**PROVIDED DATA:**
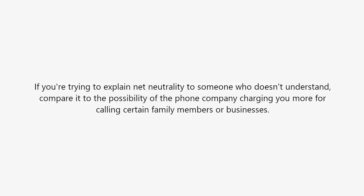If you're trying to explain net neutrality to someone who doesn't understand, compare it to the possibility of the phone company charging you more for calling certain family members or businesses.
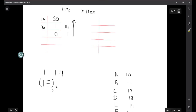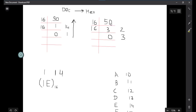I hope that conversion is clear. Let's take one more example with 50. 50 ÷ 16 gives quotient 3 and remainder 2. Then 3 ÷ 16 gives quotient 0 and remainder 3. Collecting remainders in reverse order: 50 in decimal equals 32 in hexadecimal. This is how you convert from decimal to hexadecimal.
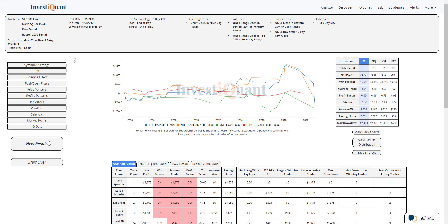So perhaps that means this pattern has done the majority of its work to the upside once it gets close to 3 p.m. and the bias from that point forward starts to become a bit more random than what it was off the open.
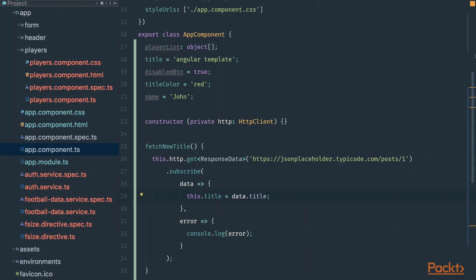In the previous section when we sent a request to the server and it responded with an error, an error callback was called and we had the possibility to handle that error.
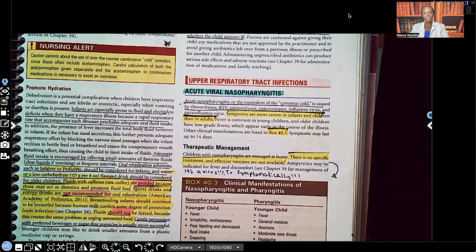On this video, I'm going to be covering peds — to be more specific, I'm going to be teaching on the common cold and sore throat: important things you have to know, lots of patient teachings, medications, and assessments.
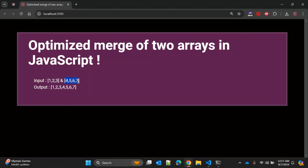and second array is having four elements four, five, six, seven. When you merge two arrays, we should have this single array with seven elements. So there are multiple ways you can use. When merging arrays, especially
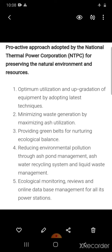NTPC also focuses on providing green belts for nurturing ecological balance, reducing environmental pollution through ash pond management, ash water recycling systems, and liquid waste management, as well as ecological monitoring reviews and online database management for all its power stations.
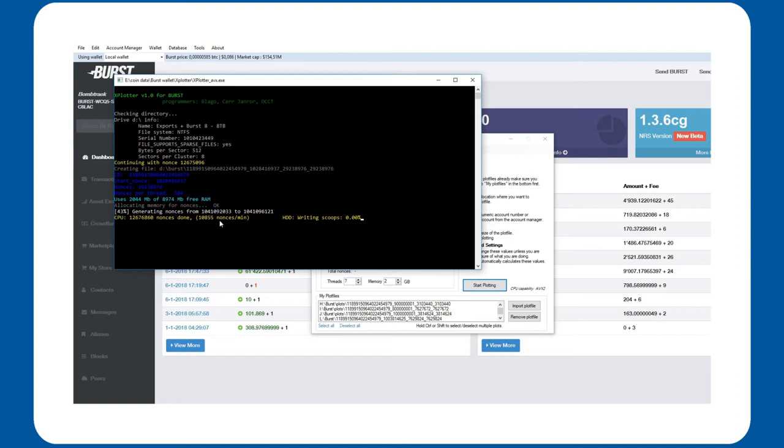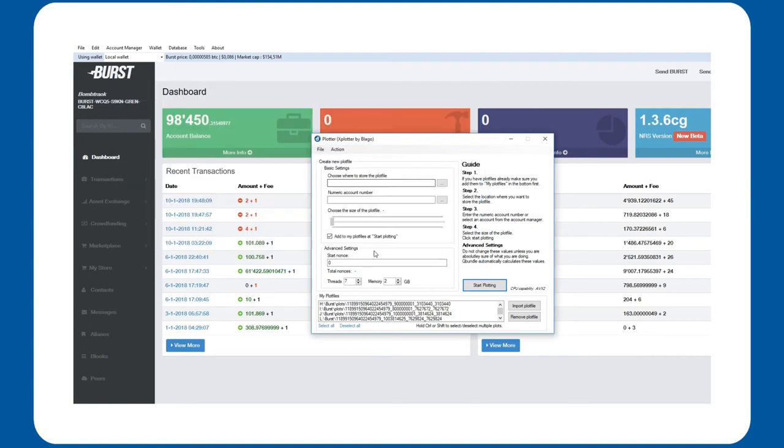However, I want to give it more RAM to work with and less cores so that I can still use my computer. You can set the desired settings in the plotter window.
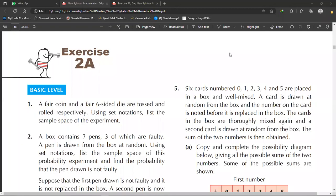Exercise 3A, D4 New Syllabus Mathematics 7th Edition. The first question: a fair coin and a fair six-sided die are tossed and rolled respectively. Using set notation, list the sample space of the experiment. The outcomes of the fair coin are head and tail. The outcomes of the fair six-sided die are 1, 2, 3, 4, 5, and 6.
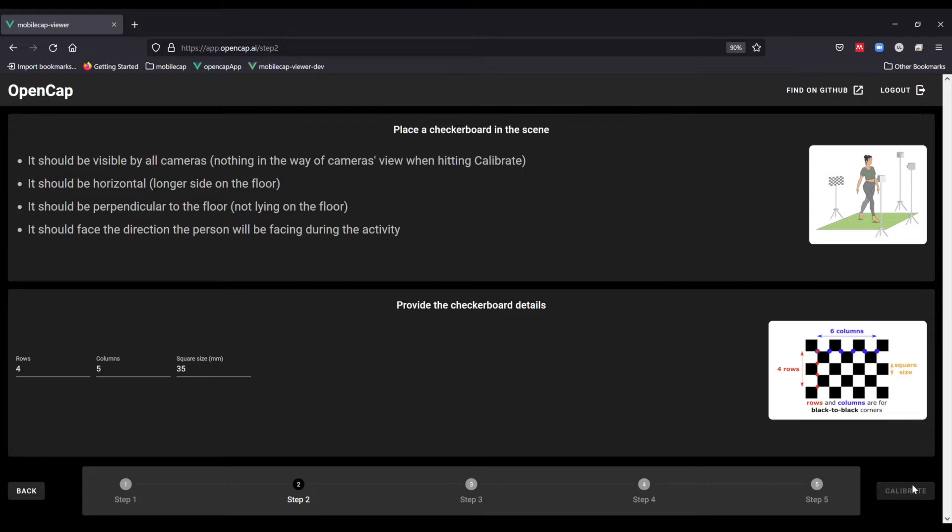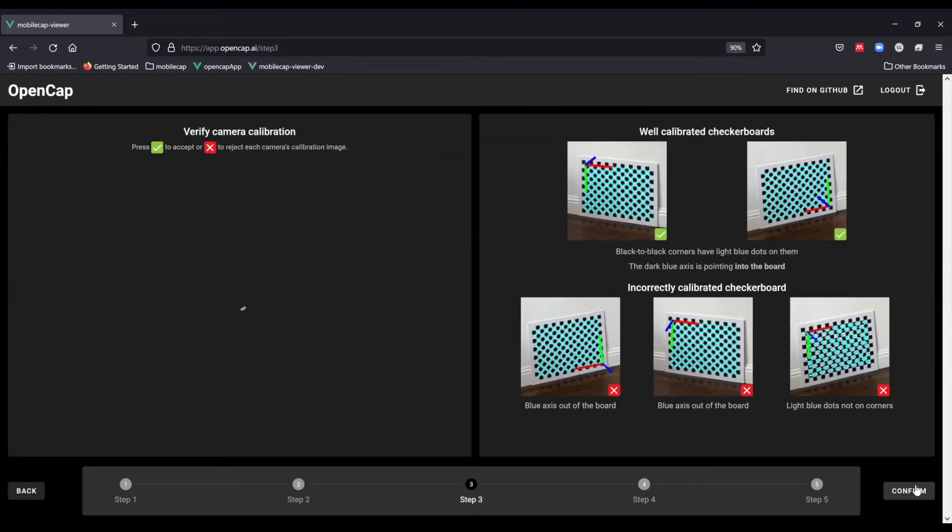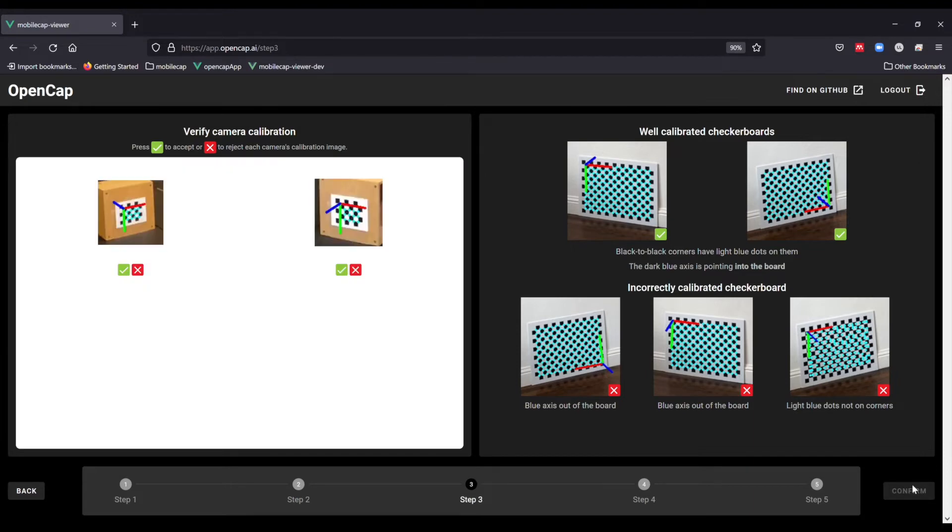You can next hit calibrate and the calibration will be processed in the cloud. On the left hand side of the screen, you are then shown images of the calibration results. Like the example images on the right side of the screen, a successful calibration will have blue dots on the interior black-to-black corners of the checkerboard.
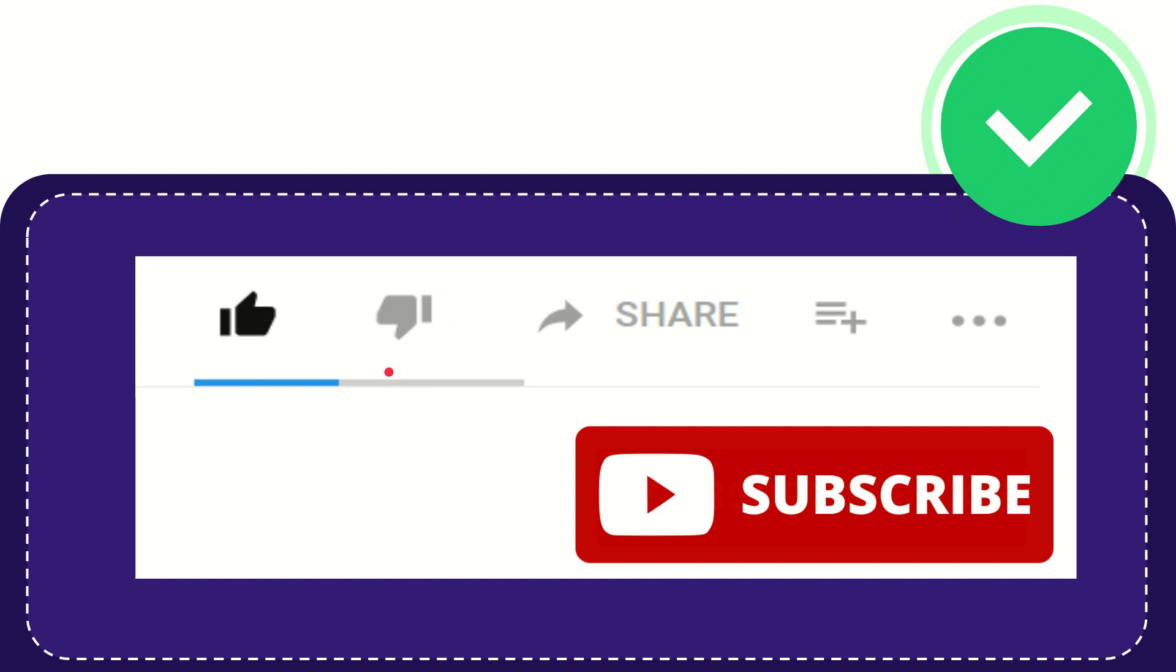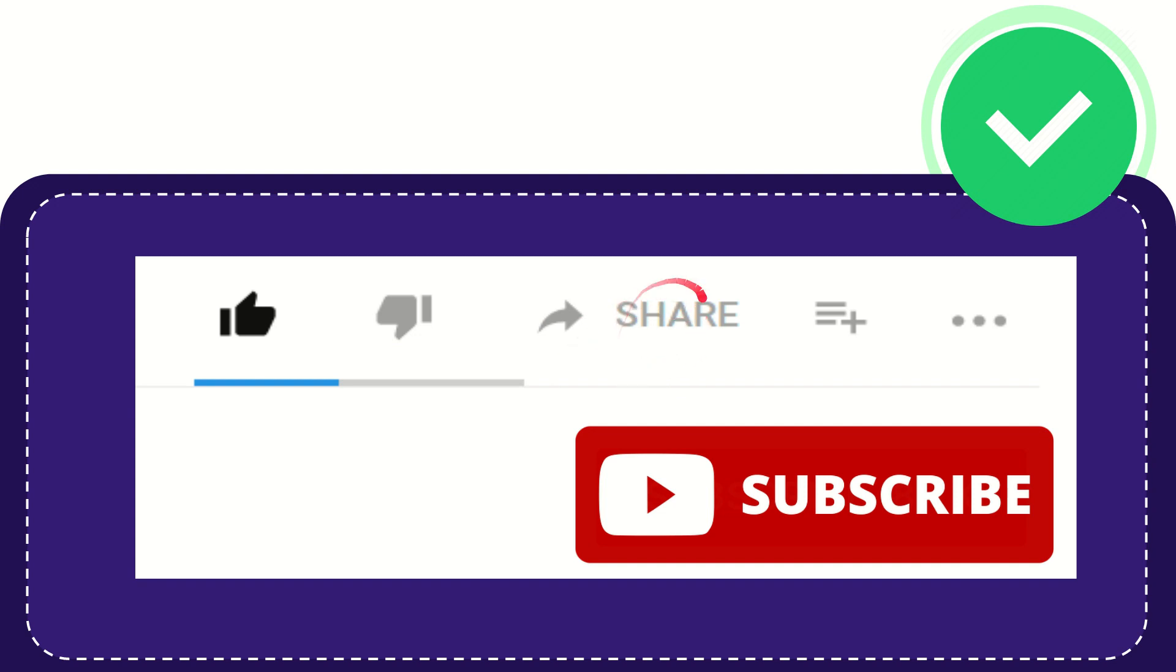or you feel that it's a little bit offensive or something like that, you can click the dislike button. If you want to share this video with your friend, you can share it by clicking this share button and you can share it to any social media that you wish.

**WORK INSTRUCTION:** Set down word for word the lines from the first entry through the line with "So perhaps that", both included, omitting pictures.

**THE ANSWER:**
If you're trying to explain net neutrality to someone who doesn't understand, compare it to the possibility of the phone company charging you more for calling certain family members or businesses.
I hope that conversion is clear. Let's take one more example with 50. 50 ÷ 16 gives quotient 3 and remainder 2. Then 3 ÷ 16 gives quotient 0 and remainder 3. Collecting remainders in reverse order: 50 in decimal equals 32 in hexadecimal. This is how you convert from decimal to hexadecimal.
So perhaps that means this pattern has done the majority of its work to the upside once it gets close to 3 p.m. and the bias from that point forward starts to become a bit more random than what it was off the open.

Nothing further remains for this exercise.